I don't know anything about Luugat other than what you posted here and the article, but I think it's a reasonable attempt to find the best solution to the hard problem of insanity.

You mentioned that helping the homeless was a big part of your earlier life and faith.

Something I heard from a researcher is homelessness is actually two problems not one. There is the housing side: these tend to be people who got evicted, escaping domestic abuse, or some other temporary situation and really what they need is temporary housing---but with enough support, they can get back on their own feet.

Then there is the mental health side (whcih is also related to substance abuse). These are fewer in number of people, but they make up the bulk of the "homeless-days" (i.e. days a person spends in a state of homelessness). The chronically homeless, if you will. These people probably won't get back on their feet on their own, and would need enormous help to do so if it's even possible.

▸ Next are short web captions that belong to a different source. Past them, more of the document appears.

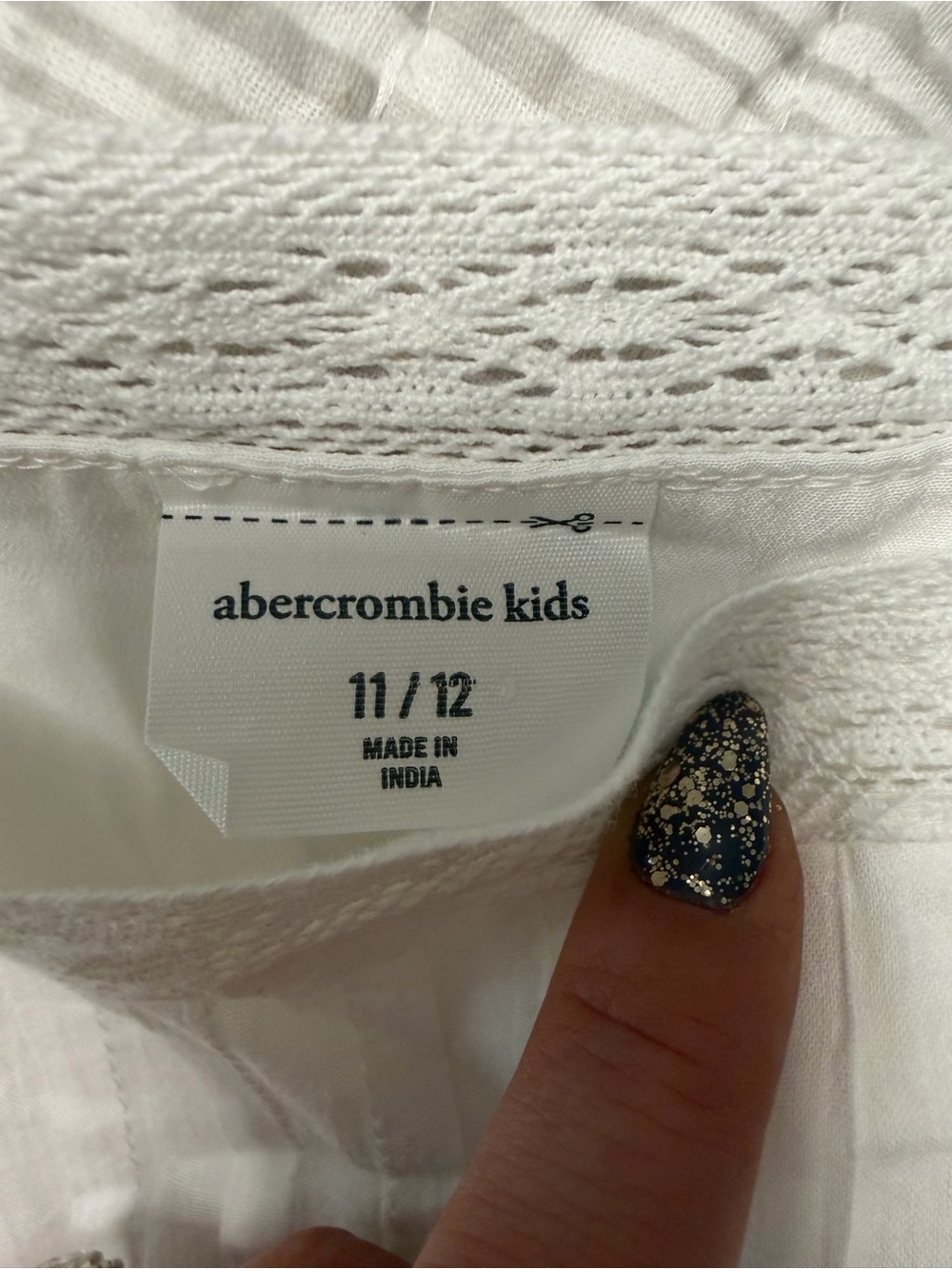 abercrombie kids white crochet top - girls 11/12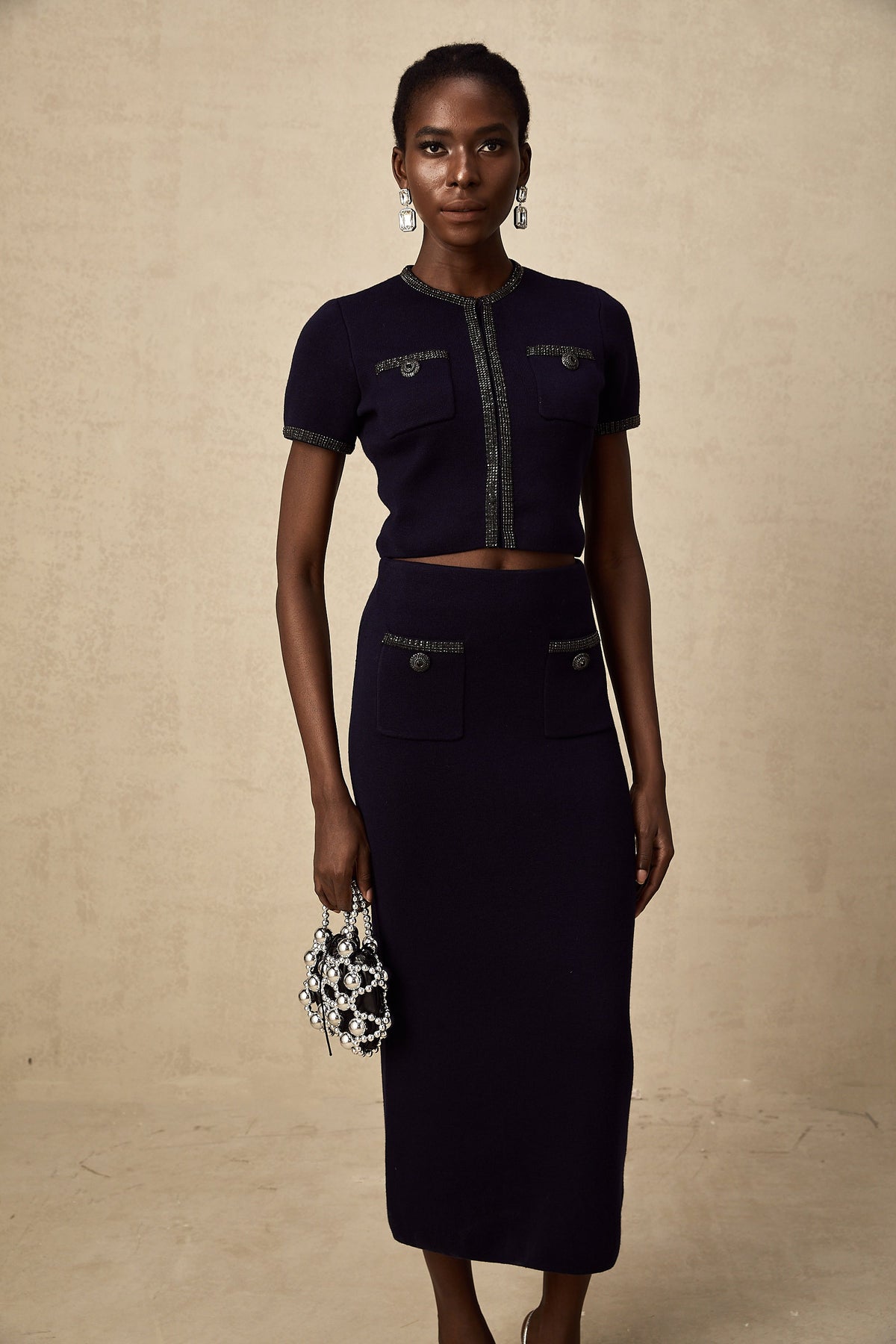 Aïda embellished ribbed-knit top & skirt matching set (Final Sale-US Only)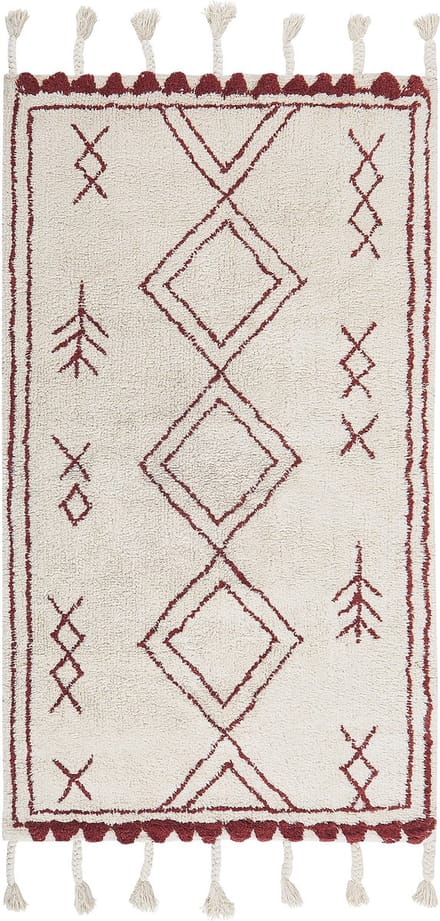 KENITRA - Laagpolig vloerkleed - Gebroken wit - 80 x 150 cm - Katoen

It's really two different problems with two different sets of needs and solutions.

The temporary homeless is, in my mind, an easier problem to deal with. More shelter beds, safe shelter beds. How to deal with the mentally ill and chronic substance abusers is a real societal challenge. I'd want to ask how people fall into that state to begin with, and try to nip it in the bud.

reply

Our town actually has retrofitted a bunch of old school portables into temporary housing units for the first category of people you reference. People who are temporarily unhoused for 1-3 months. It's not a bad solution although I am not sure how scalable it is. It works for a town of 30k people that doesn't really have much of a homeless issue (although there are some). I don't know if it would work for a city. I do like the idea of trying to keep these two different types of homeless people separate. I remember reading that in Toronto a number of homeless people were refusing to use shelters because the conditions were so bad and dangerous.

reply

I don't question the intent. I do question the fact that they thought handing out needles and crack pipes to junkies would end up any other way.